Output the lines from the top of the entries below to the line with "Acer UM.HS3EE.006 -näyttö", both included, exactly and without pictures.

··· AVAILABLE DATA ···

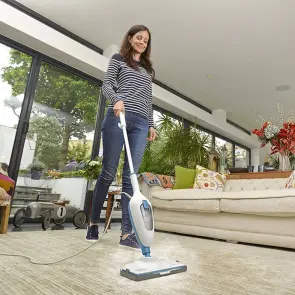 Щітка парова BLACK+DECKER FSMH13E10 №3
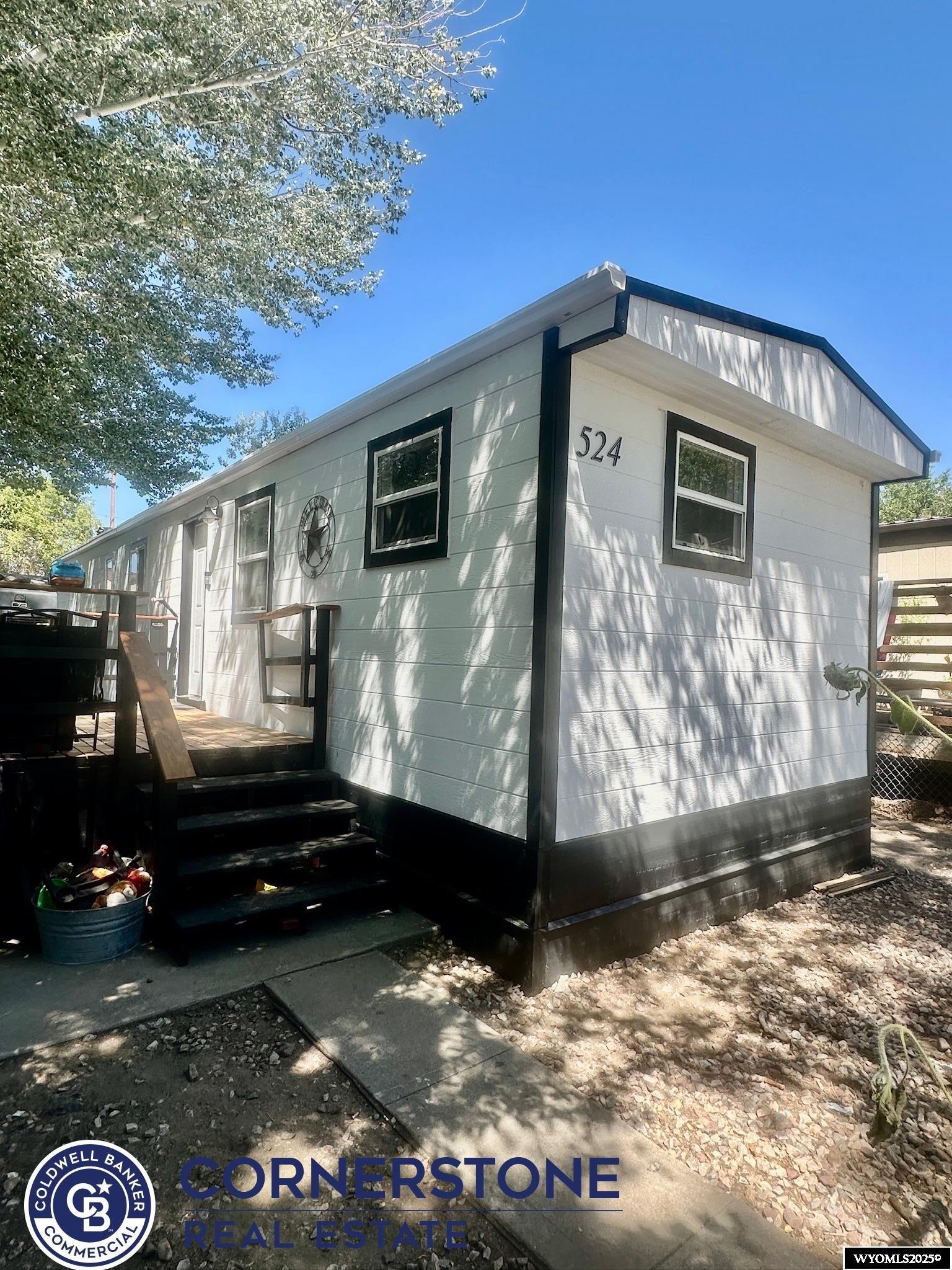 524 Westshore Road Casper, WY 82601 - Photo 1 of 1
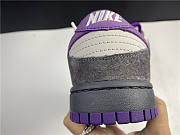 Nike Dunk SB Low Purple Pigeon 304292-051 - 3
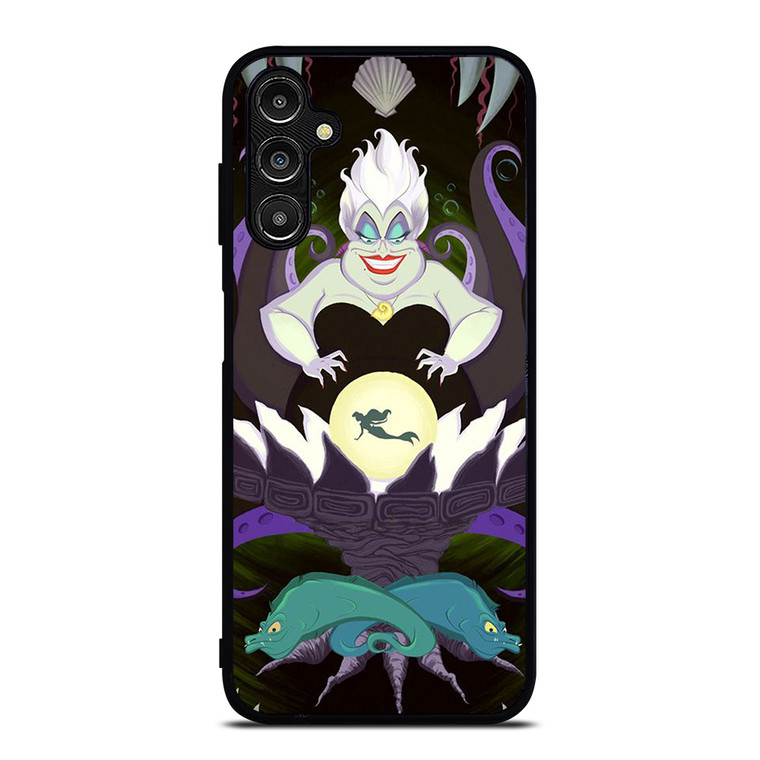 VILLAINS URSULA DISNEY Samsung Galaxy A14 Case Cover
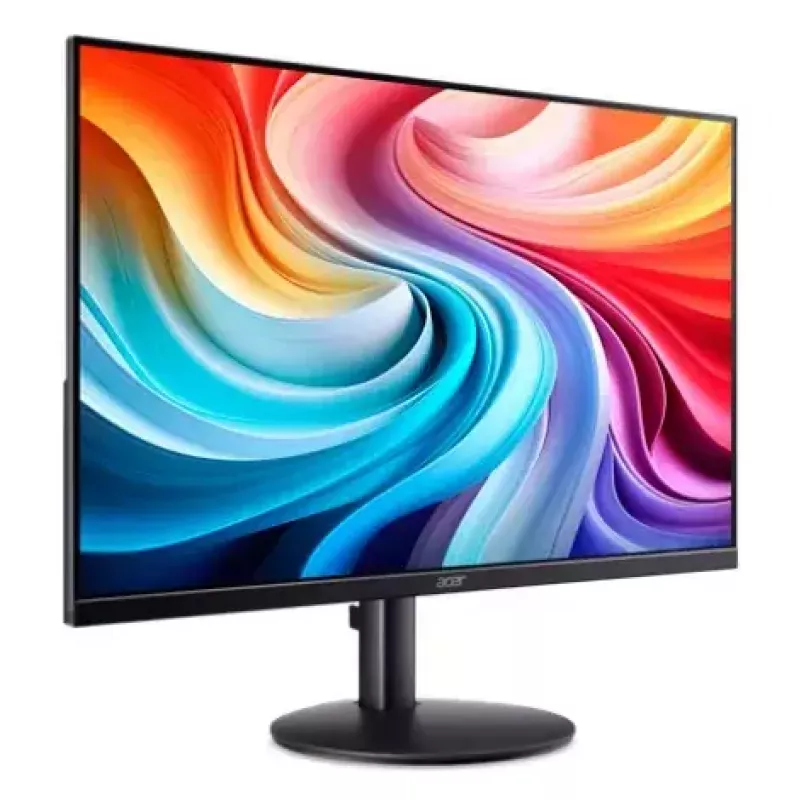 Acer UM.HS3EE.006 -näyttö 27 tuuman Full HD LED 1920 x 1080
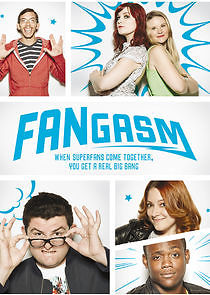 Watch Fangasm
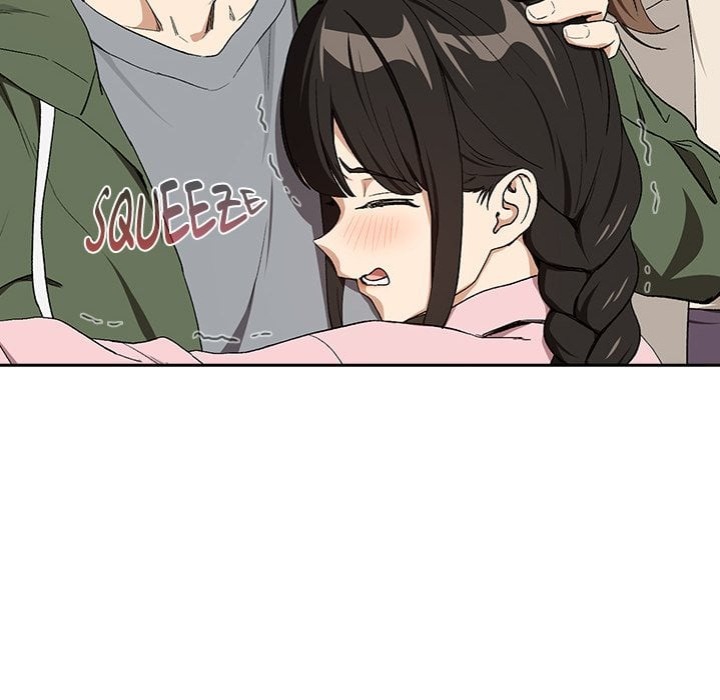 After Work Love Affairs - Chapter 88 [photo 18] - MangaPorn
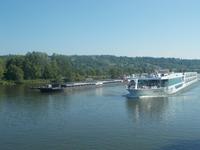 DSCN0647  reger Verkehr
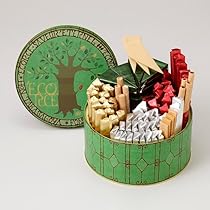 Amazon.co.jp: 本高砂屋エコルセ Eシリーズ ラッピング済み (エコルセ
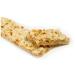 El Almendro White Nougat with Almonds & Candied Orange Peel - 75g | Buy Internationally - Buy Online on SooperMarket.com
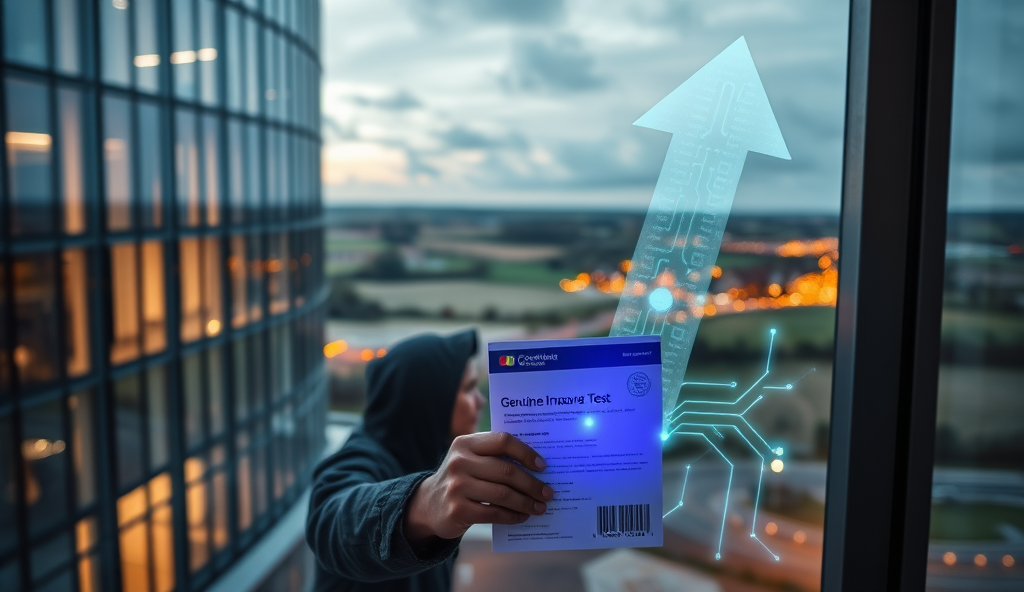 Introduction to Grantham and UK Startup Visa Policy Shifts
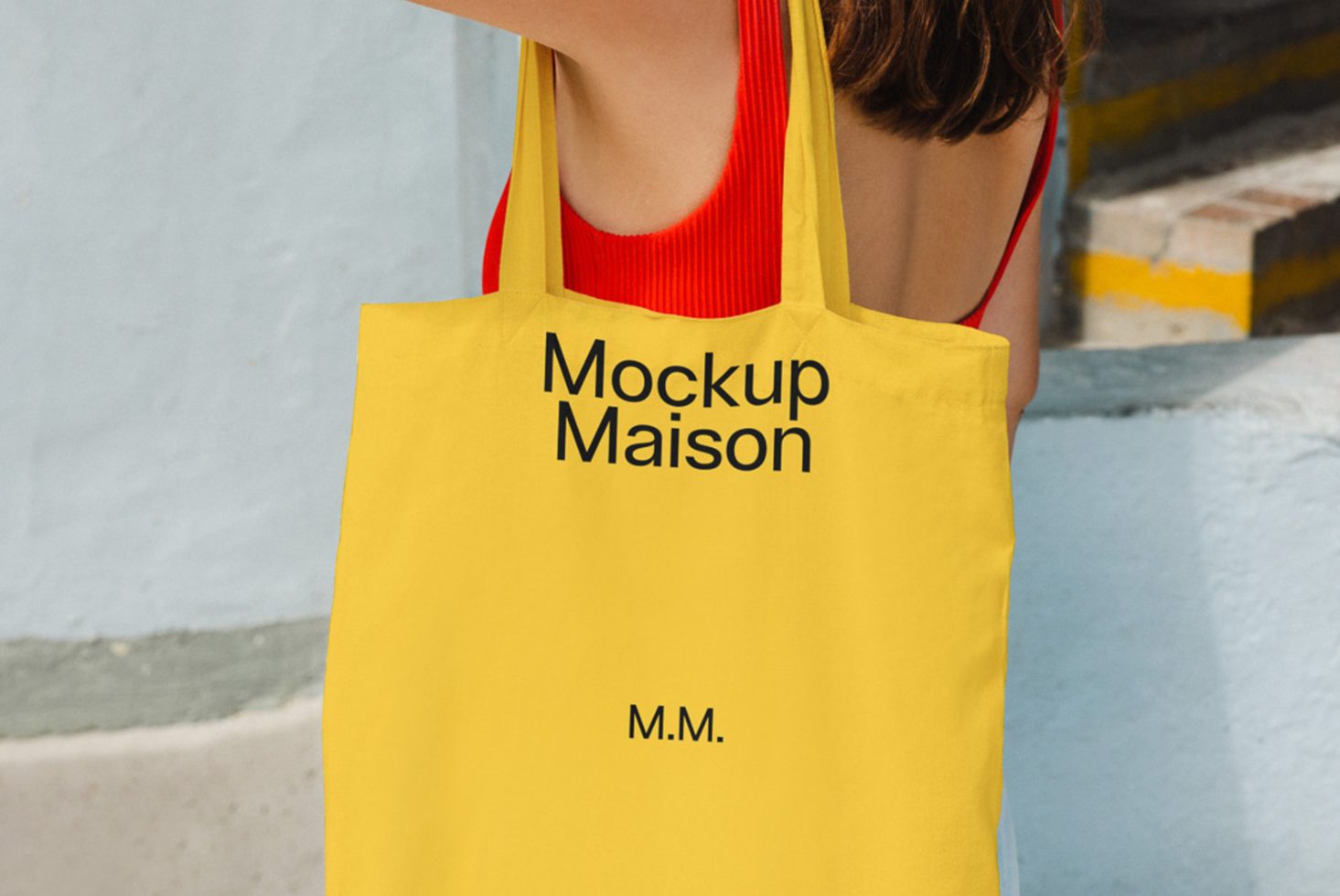 Tote Bag BG SUM1 01 preview 1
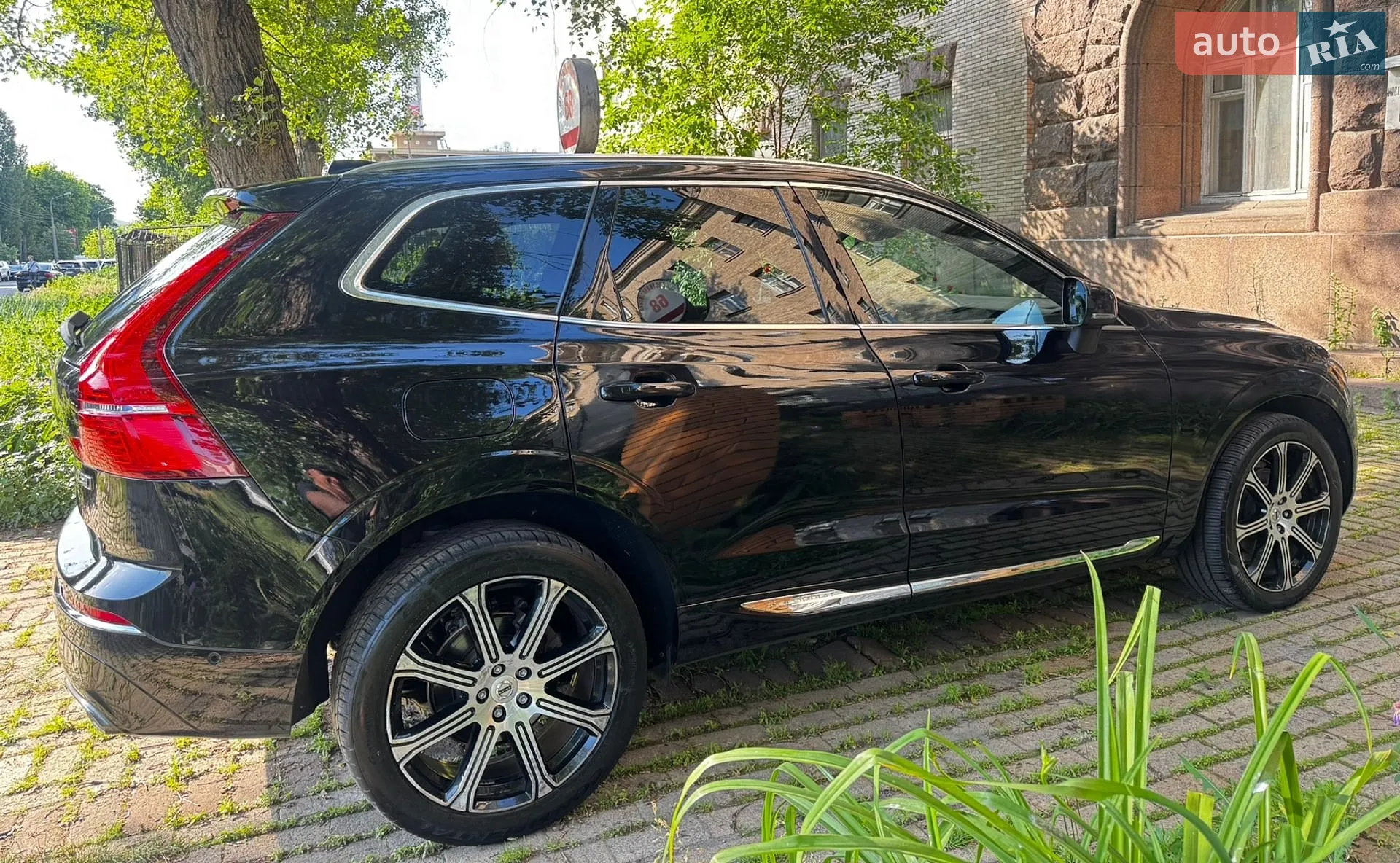 2017 Volvo XC60 - мініатюра 3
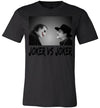 SportsMarket Premium Clothing Line-Joker vs Joker Tshirt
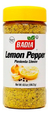 Pimienta Limon Badia X 184.3 Gr Origen Usa - comprar online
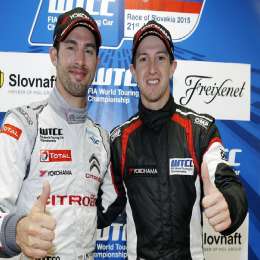 Ford, “Pechito” López y Girolami: sueños de una Súper categoría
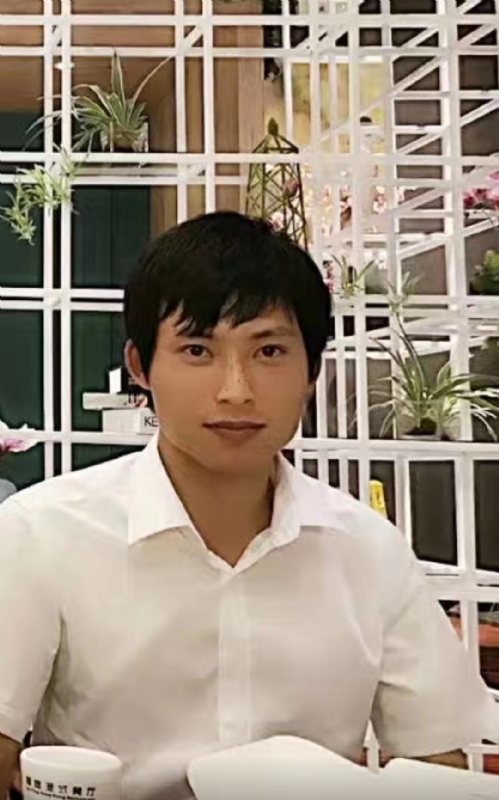 岁月的涟漪的第三张照片--漳州婚介网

···

• WRITTEN ANSWER:
 Щітка парова BLACK+DECKER FSMH13E10 №3
 524 Westshore Road Casper, WY 82601 - Photo 1 of 1
 Nike Dunk SB Low Purple Pigeon 304292-051 - 3
 VILLAINS URSULA DISNEY Samsung Galaxy A14 Case Cover
 Acer UM.HS3EE.006 -näyttö 27 tuuman Full HD LED 1920 x 1080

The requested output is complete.